I suspect that isn't the goal.

Review by more senior people shifts accountability from the Junior to a Senior, and reframes the problem from "Oh dear, the junior broke everything because they didn't know any better" to "Ah, that Senior is underperforming because they approved code that broke everything."

reply
> Review by a senior is one of the biggest "silver bullet" illusions managers suffer from

Especially in a big co like Amazon, most senior engineers are box drawers, meeting goers, gatekeepers, vision setters, org lubricants, VP's trustees, glorified product managers, and etc. They don't necessarily know more context than the more junior engineers, and they most likely will review slowly while uncovering fewer issues.

reply
This is also why I think we will enter a world without Jr's. The time it takes for a Senior to review the Jr's AI code is more expensive than if the Sr produced their own AI code from scratch. Factor in the lack of meetings from a Sr only team, and the productivity gains will appear to be massive.

Whether or not these productivity gains are realized is another question, but spreadsheet based decision makers are going to try.

reply
In this scenario, how might one become a senior without first being a junior? Seniors just pop into existence?
reply
The business leaders do not care about this yet.

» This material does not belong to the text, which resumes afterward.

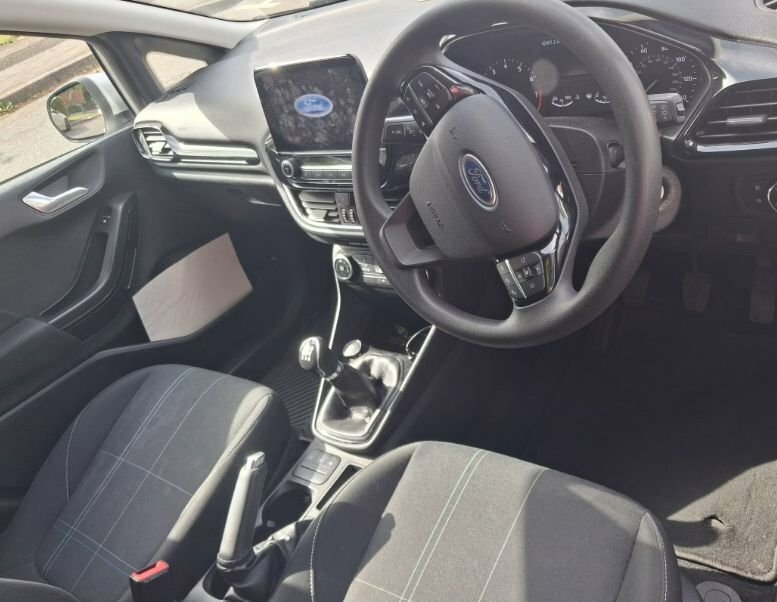Ford Fiesta 1.1L Trend VK69VRO Silver #4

I think a lot of people think we already have more Seniors than we will need in the next 5-10 years.

Also - the definition of Senior will change, and a lot of current Seniors will not transition, while plenty of Juniors that put in a lot of time using code agents will transition.

reply
>while plenty of Juniors that put in a lot of time using code agents will transition.

But will they? I'm not at all convinced that babysitting an AI churning out volumes of code you don't understand will help you acquire the knowledge to understand and debug it.

reply
Some will, some will not; hiring interviews and promotion committees will take care of the rest.
reply
The bet from various industry leaders appears to be that the current generation of engineers will be the last who will ever need to think about complex systems and engineering, as the AI will just get good enough to do all of that by the time they retire.
reply
I think it’s deeper than that because it’s affected more industries than software and already started pre AI.

American corporate culture has decided that training costs are someone else’s problem. Since every corporation acts this way it means all training costs have been pushed onto the labor market. Combine that with the past few decades of “oops, looks like you picked the wrong career that took years of learning and/or 10 to 100s of thousands of dollars to acquire but we’ve obsoleted that field” and new entrants into the labor market are just choosing not to join.

Take trucking for example. For the past decade I’ve heard logistics companies bemoan the lack of CDL holders, while simultaneously gleefully talk about how the moment self driving is figured out they are going to replace all of them.

We’re going to be outpaced by countries like China at some point because we’re doing the industrial equivalent of eating our seed corn and there is seemingly no will to slow that trend down, much less reverse it.

reply
> we’re doing the industrial equivalent of eating our seed corn and there is seemingly no will to slow that trend down, much less reverse it.

I know I'm probably coming across as a lunatic lately on HN but I really do think we're on the path towards violence thanks to AI

You just cannot destroy this many people's livelihoods without backlash. It's leading nowhere good

But a handful of people are getting stupidly rich/richer so they'll never stop

reply
I don't think you're a lunatic.

If you look at the luddite rebellion they weren't actually against industrial technology like looms. They were against being told they weren't needed anymore and thrown to the wolves because of the machines.

The rich have forgotten they are made of meat and/or are planning on returning to feudalism ala Yarvin, Thiel, Musk, and co's politics.

reply
> They were against being told they weren't needed anymore and thrown to the wolves because of the machines.

I guess that makes me a modern luddite then

A software engineer luddite

A techno-luddite if you will

Maybe I have a new username

reply
It could create the right sort of incentives though. If I'm a junior and I suddenly have to take my work to a senior every time I use AI, I'm going to be much more selective about how I use it and much more careful when I do use it. AI is dangerous because it is so frictionless and this is a way to add friction.

Maybe I don't have the correct mental model for how the typical junior engineer thinks though. I never wanted to bug senior people and make demands on their time if I could help it.

reply
What you're actually going to see is seniors inundated by slop and burning out and quitting because what used to be enjoyable solving of problems has become wading through slop that took 10 minutes to generate and submit but 30+ minutes to understand and write up a critique for it.
reply
not even that. implementing this requirement could be a general work stoppage whenever the senior engineer is in all day meetings or on vacation

With a layout of 4 juniors, 5 intermediates, and 0-1 senior per team, putting all the changes through senior engineer review means you mostly wont be able to get CRs approved.

I guess it could result in forcing everyone who's sandbagging as intermediate instead of going to senior to have to get promoted?

reply
In my experience, Claude and the juniors piloting it are usually receptive to quick feedback along the lines of "This is unreasonably hard to understand, please try refactoring it this way and let me know when it's cleaner".
reply
Can I interest you in a bunch of emoji-laden comments?
reply
> Review by a senior is one of the biggest "silver bullet" illusions managers suffer from.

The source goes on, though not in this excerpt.